There are bits of pepper in my meal,
hiding in the mounds of pasta to
explode beneath the tongue, at the back of the mouth
as I hastily swallow them gone.
Dragging me back from my glazed vision,
outside the window or fixed upon
the television,
making me choke,
black chunks of shrapnel
jerking me awake.

You are the pepper of my life:
you knock me out of my routine,
my pen-paper-commute day,
you make new things burst
to my attention, make me choke on things
I never thought that I would say.

Reviews
A fitting sequel
Written by patterjack (1193 comments posted) 1st July 2007
Could well be entitled Salt of the Earth  
 
I could suggest other titles , but they would be too hot and saucy . :grin  
 
patterjack
Nice
Written by Talisker (1326 comments posted) 1st July 2007
I like the way your poetic mind works - constantly tossing and turning metaphors, examining the human condition. 
 
Not quite up with the Bird Song one, but very worthwhile indeed. 
 
Enjoyed! 
 
Oli :)

Written by Phil (6713 comments posted) 1st July 2007
This is where my partial poetic blindness comes in. I had it all worked out, then reread the intro - ' abit of fun' - how wrong could I be? I'll embarrass myself by giving my initial thoughts, you can put me straight if you like. 
 
First of all I liked it. 
 
The first set up a bitter ending for me. Pepper being sharp and bitter. You also use words like shrapnel and choke - hardy pleasant words. S, when I read the last stanza, I'm thinking - there's this person in a rough relationship and their partner is like the pepper - bitter, dangerous etc. But it's 'just a bit of fun.' 
 
Where did I go wrong?! 
 
Phil.

Written by gutterkitty (362 comments posted) 1st July 2007
patterjack- well now we couldn't have any sauciness on the board could we :p that would send GW into chaos. Thanks for the e-mail. 
 
Oli- thank you, it's always interesting to hear how my poetic style comes across to others. Gives me a peek into what I essentially do intuitively. 
 
Phil- don't be silly! You didn't go wrong at all. I re-read this piece before I posted it and I picked up on those more violent words too and thought they could be a bit out of place. Essentially you came up with a different interpretation, and where would be the interest in poetry if everyone received the same message from a poem? Thanks for sharing your view :)

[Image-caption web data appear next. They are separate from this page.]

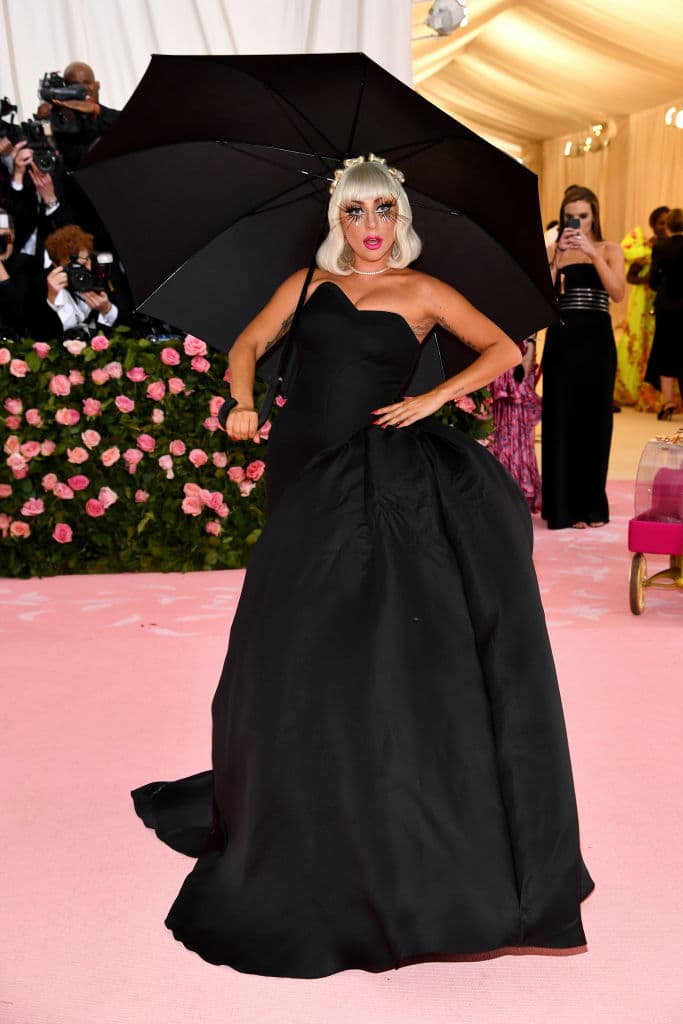 En la MET Gala de 2019, la actriz y cantante también acudió con un atuendo gótico que incluía una sombrilla negra y maquillaje llamativo en los ojos.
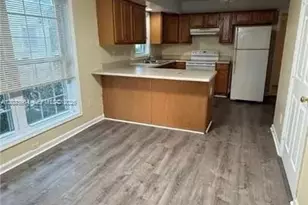 1742 SW 44th Terrace, Fort Lauderdale, FL 33317 - Photo 11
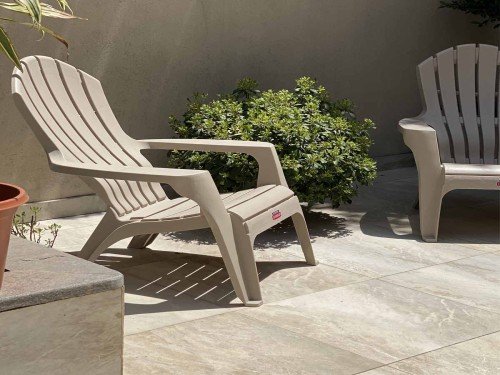 Sillon Plastico Country X 2 + Mesita Barcelona  Colombraro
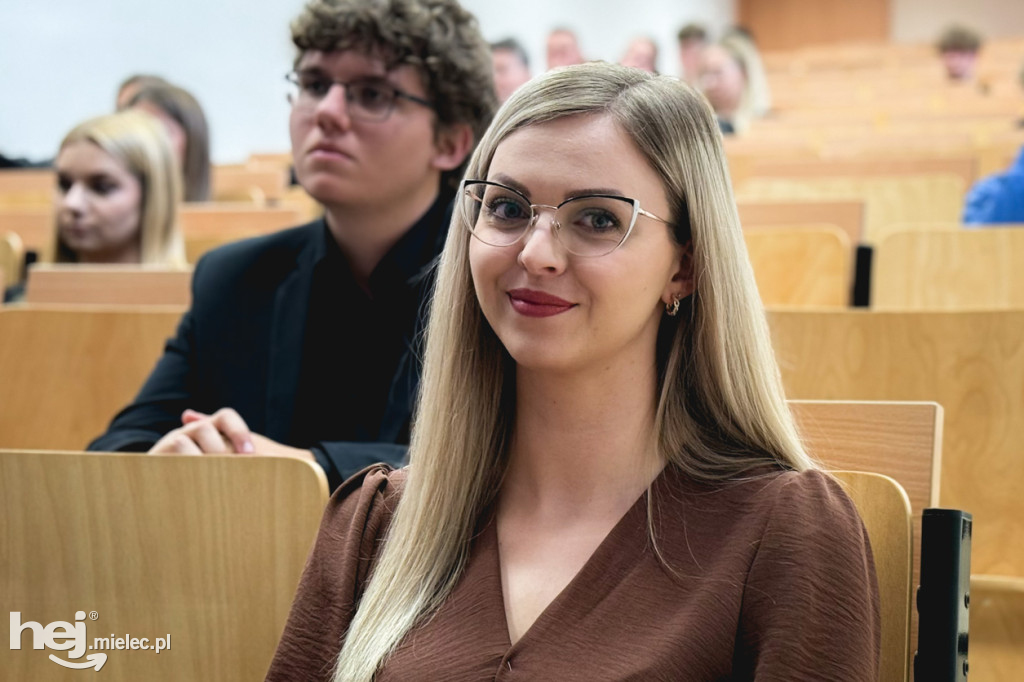 Inauguracja roku akademickiego WSGiZ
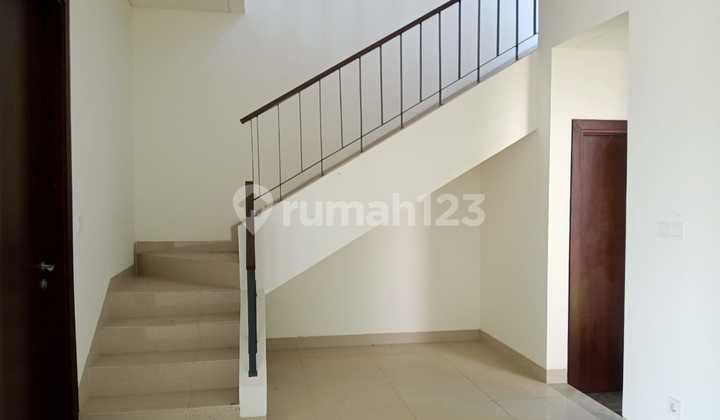 Rumah Asri 2 Lantai di Podomoro Park, Bandung Rumah Asri 2 Lantai di Podomoro Park, Bandung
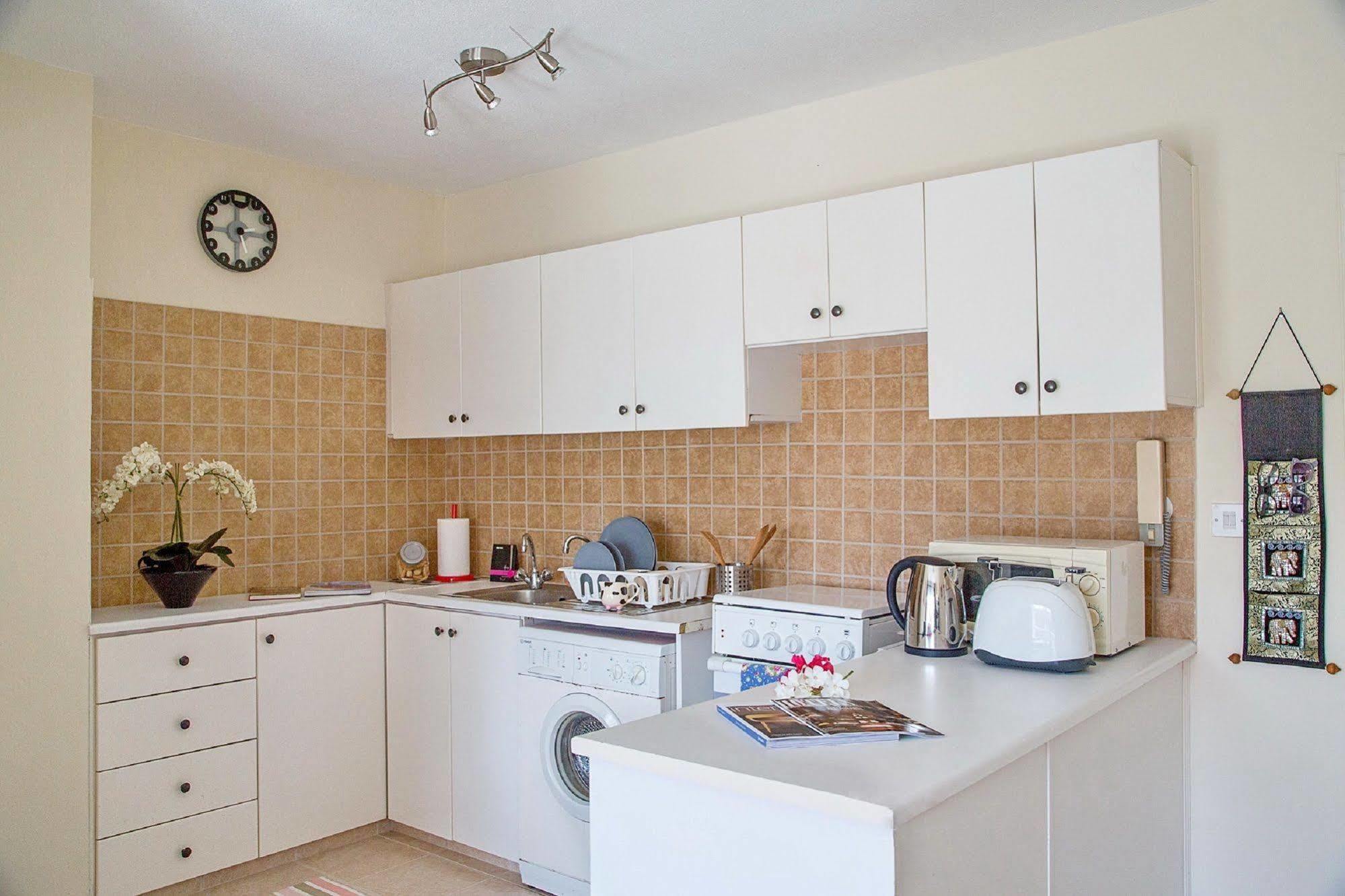 Paphos Love Nest Apartment エクステリア 写真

Written by fellpony (1608 comments posted) 2nd July 2007
Hi GK - I don't often comment on your pieces because i am still reading them and learning how your mind works. This is a sharp little piece constructed, as many good poems are, from simple observations. I think we all know people who matter to us, whose character pokes us into saying things we don't mean or, as in this case, things we hadn't realised we thought. Dorothy L Sayesr wrote "he walked in and out of her mind as though it were his own flat." I thought you caught that nicely.